Pretty sure Samsung is already making the A6X. A7X if produced would most likely come from Samsung just because of the similarities.
I don't see how they would split A7 between 2 different fabs, it's not just simply a 1:1 copy, a lot of work would need to be done to integrate with TSMC's fab/process. Also any split would undoubtedly effect unit price, why would apple compromise their margin and increase their complexity by splitting across 2 different fabs? Doesn't make sense to me.
A8 and onwards, who knows.
There are two good reasons:
1. Apples wafer start is so strong that one fab will have trouble keeping up. At one time it was suggested that Apple was using 80% of Samsung's foundry capacity. That was one of the reasons behind Samsung's expansion in Austin.
2. You never want to have all your egg in one basket. It has been common practice in the electronics industry to have multiple sources for your parts. Think about Apples exposure here if something happened to Samsung's Austin plant, a lightening strike, tornado or whatever could cost Apple billions in just one quarter. The CYA approach is to keep suppliers globally separated. Think about how Apple was able to weather the hard disk crisis of a year or so ago when its balance of parts resulted in many machines not being impacted at all.
Now you have good points about the difference in processes but in Apples situation they are likely developing and sampling with multiple vendors already. It would be pretty hard to get valid quotes from a vendor with out the vendor having some idea as to what they will be building. It is rational to assume that right now Apple could get working A7 silicon from both Samsung and TSMC if they wanted.
1. Apples wafer start is so strong that one fab will have trouble keeping up. At one time it was suggested that Apple was using 80% of Samsung's foundry capacity. That was one of the reasons behind Samsung's expansion in Austin.
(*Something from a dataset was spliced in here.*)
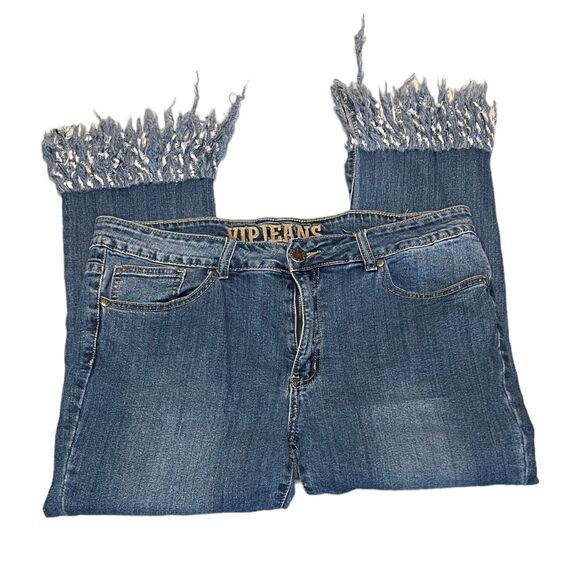 VIP Womens Jeans Straight Leg Stretch Raw Hem Festival Boho Medium Wash 15/16 - Picture 2 of 6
2. You never want to have all your egg in one basket. It has been common practice in the electronics industry to have multiple sources for your parts. Think about Apples exposure here if something happened to Samsung's Austin plant, a lightening strike, tornado or whatever could cost Apple billions in just one quarter. The CYA approach is to keep suppliers globally separated. Think about how Apple was able to weather the hard disk crisis of a year or so ago when its balance of parts resulted in many machines not being impacted at all.
Now you have good points about the difference in processes but in Apples situation they are likely developing and sampling with multiple vendors already. It would be pretty hard to get valid quotes from a vendor with out the vendor having some idea as to what they will be building. It is rational to assume that right now Apple could get working A7 silicon from both Samsung and TSMC if they wanted.
I would agree for commodity items like HDD/DRAM that can be sourced easily from multiple suppliers and not require a product design change between suppliers. Custom processors are different IMO. The development effort and time and complexity may not make it worthwhile to duplicate across multiple fabs. There's a fine line between hedging your bets against supply shortage and increasing complexity and cost. There's no indication that I can find that Samsung's texas fab was not able to keep up with the demand for A7's.
Besides it was the same situation for A6, one manufacturer.
P.S There seems to already be some potential redundancy built into A7. This article was written in 2011 about A6, which never made it to 28nm (A6 was 32nm) so seems pretty applicable to current A7.
"Samsung Electronics may not be as large as TSMC, but the company has synchronized its 28nm process technologies with various other industry players, including Globalfoundries and IBM, which theoretically allows Apple to make chips at different factories in order to meet its volume goals. Samsung can produce 28nm HKMG low-power (28LP) chips at S1 fab in Giheung, Korea and the company’s recently expanded fab, S2 in Austin, Texas, Globalfoundries has two 300mm fabs that qualify the 28nm low-power HKMG technology: Fab 1 in Dresden, Germany and Fab 8 in Saratoga County, New York; IBM has a 300mm production facility in Armonk, New York. The fabs represent a global footprint estimated to be the largest in the foundry industry for leading-edge capacity, offering customer choice enabled by close collaboration and an unparalleled de-risking of supply chain uncertainties.
Since Samsung and TSMC have different 28nm process technologies, they cannot produce identical SoCs even in case Apple develops two separate versions of A6 for different fabrication processes. As a result, the relationship with TSMC is unlikely about creating a second-source for A6 SoC, or at least this is not the only business project between Apple and the Taiwanese giant."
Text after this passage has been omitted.